Réouverture des terrasses et des restaurants : vers un taux d’occupation de 50% jusqu’au 30 juin et un soutien économique dégressif

Lundi 11 mai, le premier ministre a apporté des précisions sur les conditions dans lesquelles se fera la réouverture des terrasses puis des restaurants. Si le retour du service en terrasse le 19 mai suivi de celui en salle le 9 juin est bien confirmé, les professionnels n’auront droit qu’à un taux d’occupation de 50% dans les deux cas. Comme prévu, un maximum de six convives par table sera toléré. Dans les hôtels, les terrasses seront ouvertes à tous mais la consommation en intérieur sera réservée à la clientèle interne jusqu’au 9 juin. Le retour à la normale, sans restriction de la capacité d’accueil et dans le respect des précautions sanitaires habituelles, est fixé au mercredi 30 juin. « Nous sommes enfin en train de sortir durablement de cette crise sanitaire », a assuré Jean Castex dans les colonnes du Parisien.

Soulignant leur soulagement de voir la réouverture se profiler, les syndicats, qui espéraient que les territoires ayant de bons indicateurs sanitaires seraient exemptés de limitation de fréquentation, s’inquiètent de cette jauge drastique de 50%. « Nous sommes contents d’ouvrir mais très inquiets de la jauge qui va rendre encore plus compliquée et plus dégradée notre activité », a déclaré à l’AFP Didier Chenet, président du GNI. Pour celui de l’UMIH, Roland Héguy, « cela interroge sur la capacité de certains à rouvrir, d’où la nécessité de maintenir les aides en fonction du chiffre d’affaires réalisé par rapport à 2019 ». En effet, alors que 60% des établissements ne disposent pas de terrasses, bon nombre de restaurants pourraient attendre le 9 voire le 30 juin pour reprendre le service à table.

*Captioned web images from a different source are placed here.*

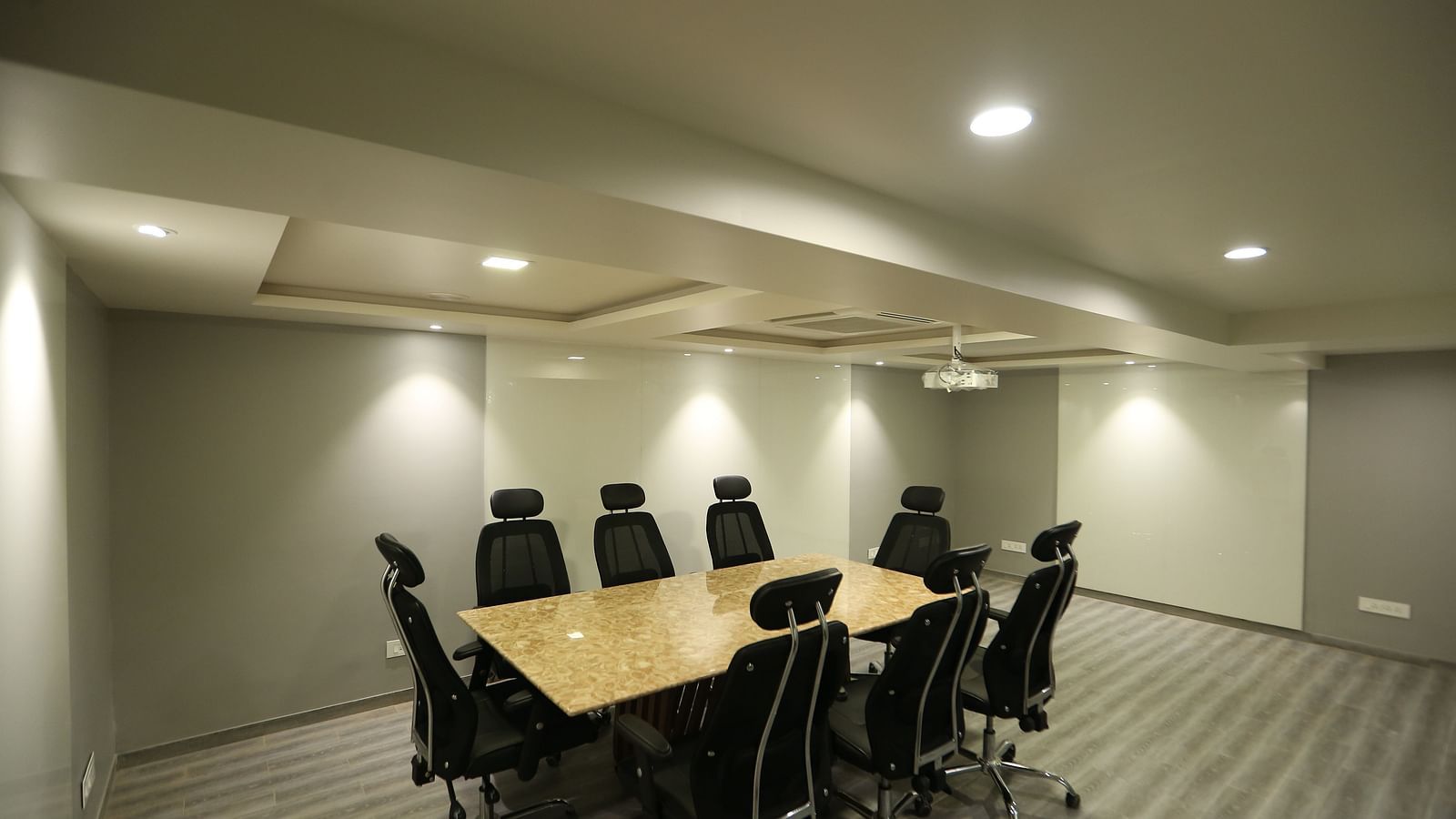 A meeting room setup with a long conference table and chairs - TGI SPS Grand, Coimbatore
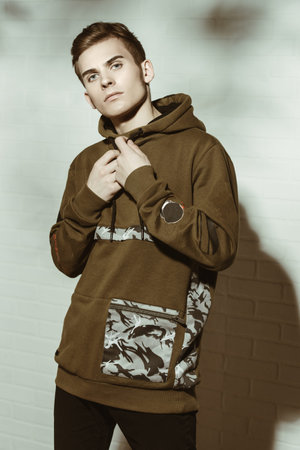 Portrait of a teenage boy standing by a white brick wall. Studio shot. Teen fashion.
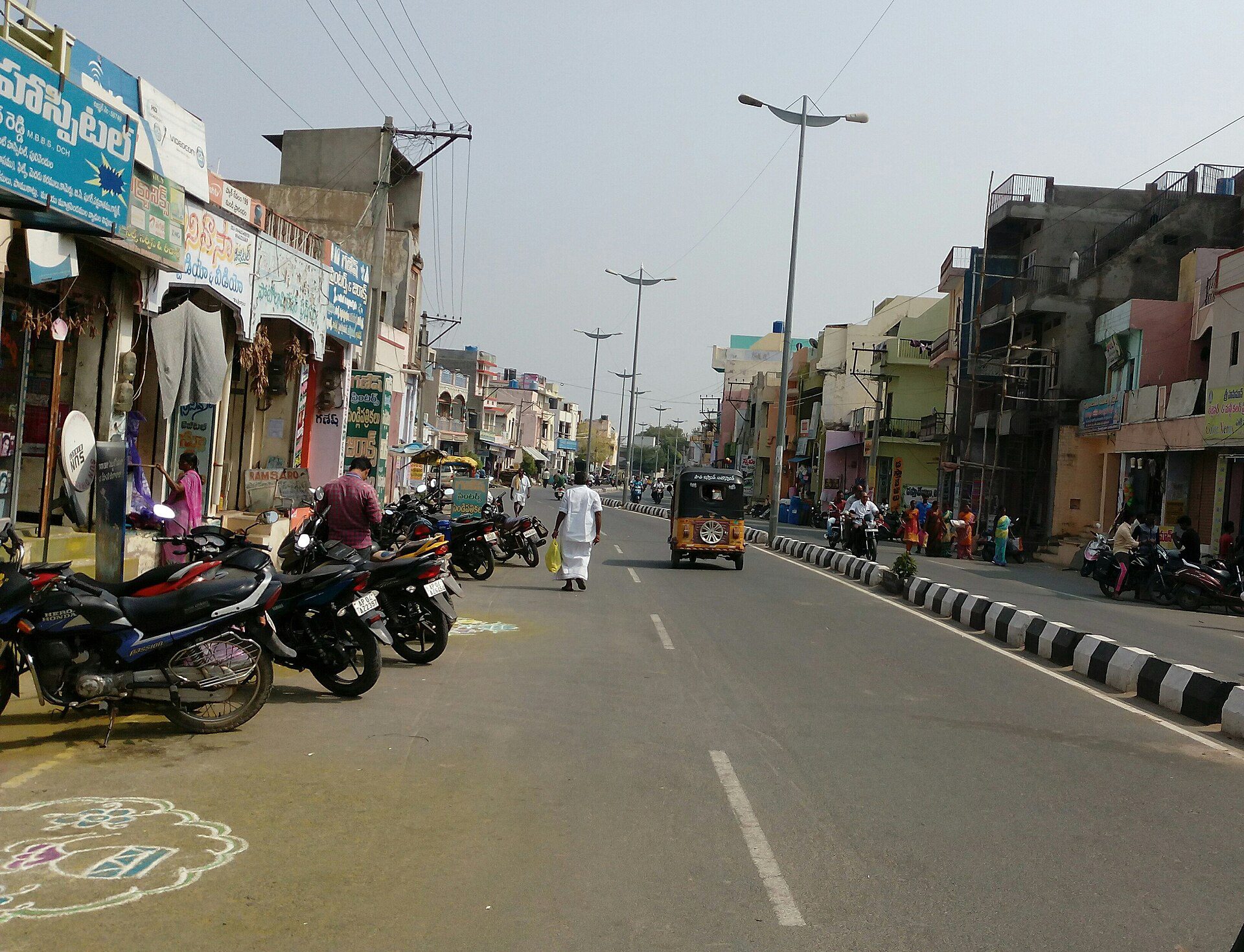 దుకాణాలు, పార్క్ చేసిన ద్విచక్ర వాహనాలు, ఆటోతో పులివెందుల పట్టణంలోని ప్రధాన రహదారి.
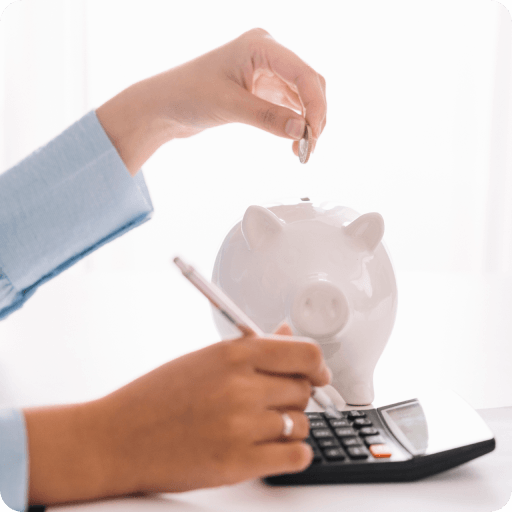 woman-s-hand-using-calculator-while-inserting-coin-piggybank 1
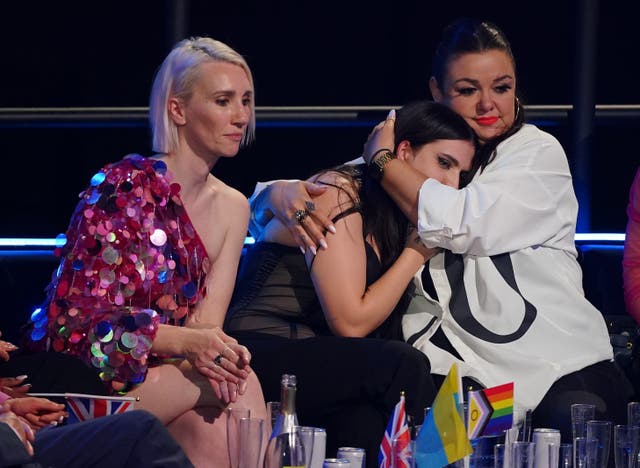 UK entrant Mae Muller (centre) reacts during voting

Le dispositif d’aide aux entreprises évolue – Jusqu’ici plafonné à 10 000€ par mois ou bien à 20% du chiffre d’affaires dans la limite de 200 000€ mensuels, le montant de l’aide accordée par le gouvernement aux hôtels et restaurants représentera 40% de la perte d’activité en juin 2021 par rapport au niveau d’activité de 2019 à la même période. En juillet, ce montant représentera 30% de la perte et tombera à 20% au mois d’août. L’activité partielle restera possible avec un reste à charge qui passera à 15% en juillet puis à 25% en août. L’exonération de cotisations patronales va disparaître mais l’aide au paiement de ces cotisations se maintient, passant d’un taux de 20% de la masse salariale à 15%. « Pour les entreprises ayant bénéficié du report de ces cotisations, un plan d’apurement sur plusieurs mois est à l’étude », précise Bercy. À noter qu’un rendez-vous est prévu à la fin de l’été avec les partenaires sociaux pour faire le point sur ces nouvelles règles.